• _TO DO_:
Give back an exact repetition of the material below, from its first line through the line that contains "Zippo Handy Light", both included, minus the pictures.
(Beginning of MATERIAL PROVIDED)
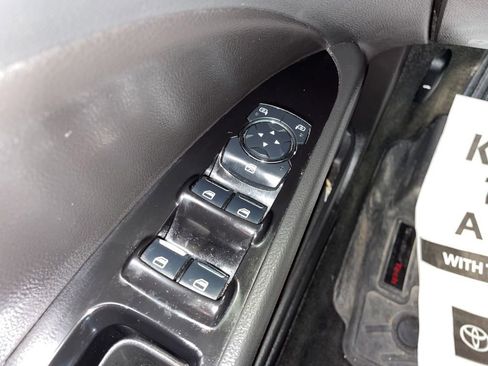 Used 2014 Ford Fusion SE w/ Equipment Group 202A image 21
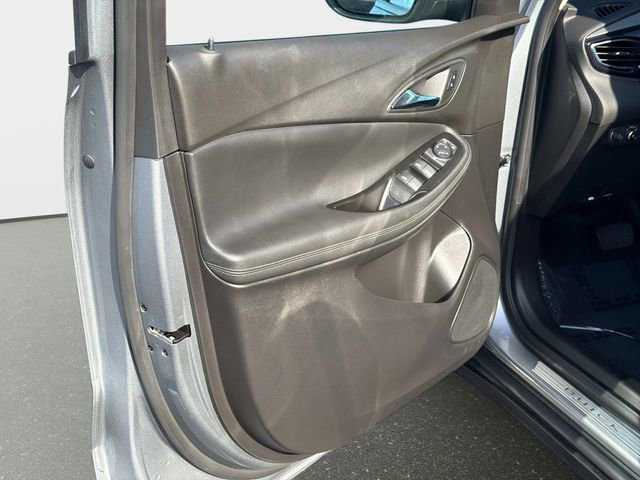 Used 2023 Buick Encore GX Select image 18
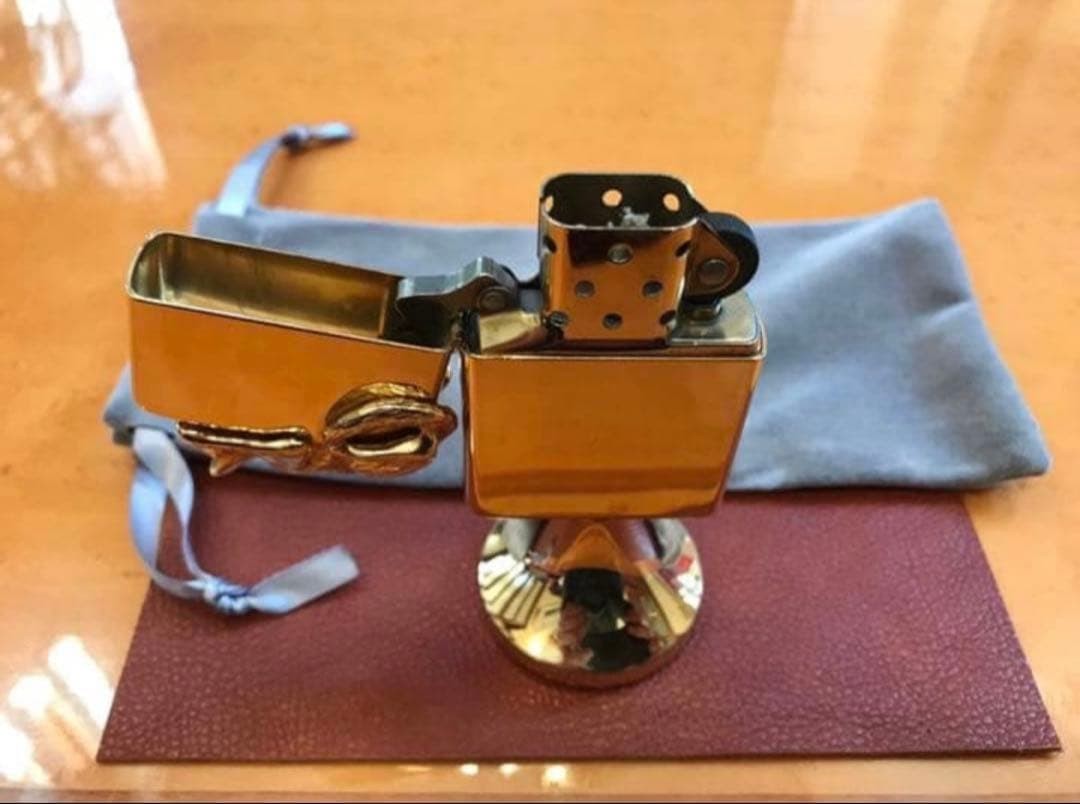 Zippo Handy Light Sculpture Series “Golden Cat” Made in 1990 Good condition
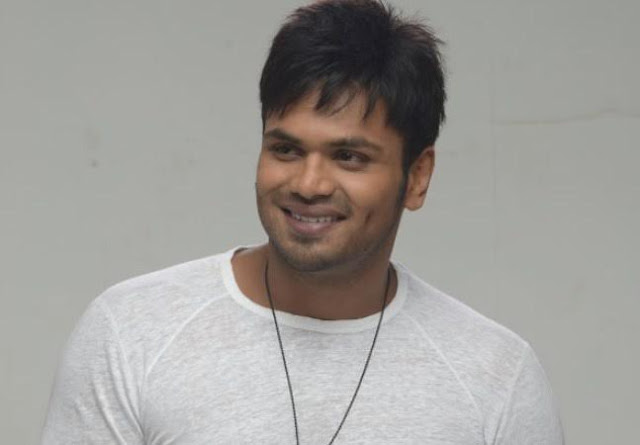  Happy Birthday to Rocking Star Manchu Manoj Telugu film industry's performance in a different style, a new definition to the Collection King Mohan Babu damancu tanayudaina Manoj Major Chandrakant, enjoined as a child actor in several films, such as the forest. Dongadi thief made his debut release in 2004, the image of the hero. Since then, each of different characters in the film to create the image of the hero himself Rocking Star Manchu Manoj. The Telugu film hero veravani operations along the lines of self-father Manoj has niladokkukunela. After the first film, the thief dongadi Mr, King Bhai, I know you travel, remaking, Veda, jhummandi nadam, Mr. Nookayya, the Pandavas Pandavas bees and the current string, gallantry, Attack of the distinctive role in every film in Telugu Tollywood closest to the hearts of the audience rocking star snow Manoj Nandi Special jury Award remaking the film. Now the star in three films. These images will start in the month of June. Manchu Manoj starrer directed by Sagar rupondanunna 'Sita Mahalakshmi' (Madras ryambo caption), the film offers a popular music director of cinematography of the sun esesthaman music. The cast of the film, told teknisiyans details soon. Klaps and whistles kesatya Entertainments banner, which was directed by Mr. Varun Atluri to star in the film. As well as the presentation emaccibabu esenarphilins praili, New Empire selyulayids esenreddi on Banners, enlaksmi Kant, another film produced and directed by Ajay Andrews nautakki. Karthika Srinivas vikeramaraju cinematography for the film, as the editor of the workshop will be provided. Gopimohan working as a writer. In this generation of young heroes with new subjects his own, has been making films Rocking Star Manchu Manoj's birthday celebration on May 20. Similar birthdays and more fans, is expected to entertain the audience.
(End of MATERIAL PROVIDED)
• _TASK RESULT_:
 Used 2014 Ford Fusion SE w/ Equipment Group 202A image 21
 Used 2023 Buick Encore GX Select image 18
 Zippo Handy Light Sculpture Series “Golden Cat” Made in 1990 Good condition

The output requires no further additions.